Sur le plan énergétique, l’ADEME chiffre à 25 kWh/m²/an la consommation moyenne d’éclairage en tertiaire (ADEME, Chiffres clés tertiaire 2023), réductible à moins de 10 kWh/m²/an avec des LED pilotées (observation interne portefeuille KYTOM 2022-2024). Le décret tertiaire OPERAT impose une trajectoire documentée annuellement sur la plateforme ADEME OPERAT. Les certifications BREEAM (BRE), HQE (Certivea) et WELL (IWBI) valorisent l’autonomie en lumière du jour sur 75 % des surfaces utiles ainsi que la maîtrise du flicker en dessous de 5 %, exigences que KYTOM intègre dès la phase programme.

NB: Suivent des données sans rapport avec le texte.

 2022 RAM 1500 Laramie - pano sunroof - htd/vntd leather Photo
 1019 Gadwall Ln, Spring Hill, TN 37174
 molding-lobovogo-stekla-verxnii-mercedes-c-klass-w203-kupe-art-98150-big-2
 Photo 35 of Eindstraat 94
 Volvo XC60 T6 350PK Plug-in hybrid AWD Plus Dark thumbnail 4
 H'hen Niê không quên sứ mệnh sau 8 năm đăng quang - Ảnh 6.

Notre lecture diffère de la doxa profession sur un point précis. L’usage répandu consiste à appliquer 500 lux uniformément, par précaution. En pratique, la NF EN 12464-1 autorise une modulation par tâche : 300 lux suffisent en zone d’échange informel, 200 lux en circulations, 750 lux uniquement sur les postes de dessin technique ou de contrôle. Sur 22 audits photométriques KYTOM 2022-2024, 64 % des plateaux présentaient une sur-illumination moyenne de 180 à 250 lux, soit 25 à 35 % de puissance installée inutile. La norme est un plafond fonctionnel, pas un plancher uniforme.

Questions fréquentes

Quel niveau d’éclairement retenir en open space tertiaire ?

500 lux sur le plan de travail conformément à la NF EN 12464-1 édition 2021, avec UGR 80. Le seuil 750 lux est réservé aux tâches de précision (CAO, contrôle qualité). En zone d’échange, 300 lux suffisent ; en circulations, 200 lux. Sur 22 audits KYTOM 2022-2024, l’application uniforme de 500 lux génère 25 à 35 % de puissance installée inutile.

Le décret BACS s’applique-t-il à tous les bâtiments tertiaires ?

Le décret BACS (arrêté du 7 avril 2023) impose une gestion technique du bâtiment aux tertiaires dont la puissance installée dépasse 290 kW, avec détection de présence, asservissement à la lumière naturelle et suivi énergétique. En dessous du seuil, l’obligation ne s’applique pas, mais la démarche reste pertinente: le décret tertiaire impose -40% de consommation à l’horizon 2030 et l’éclairage pèse 12 à 15% de la facture énergétique.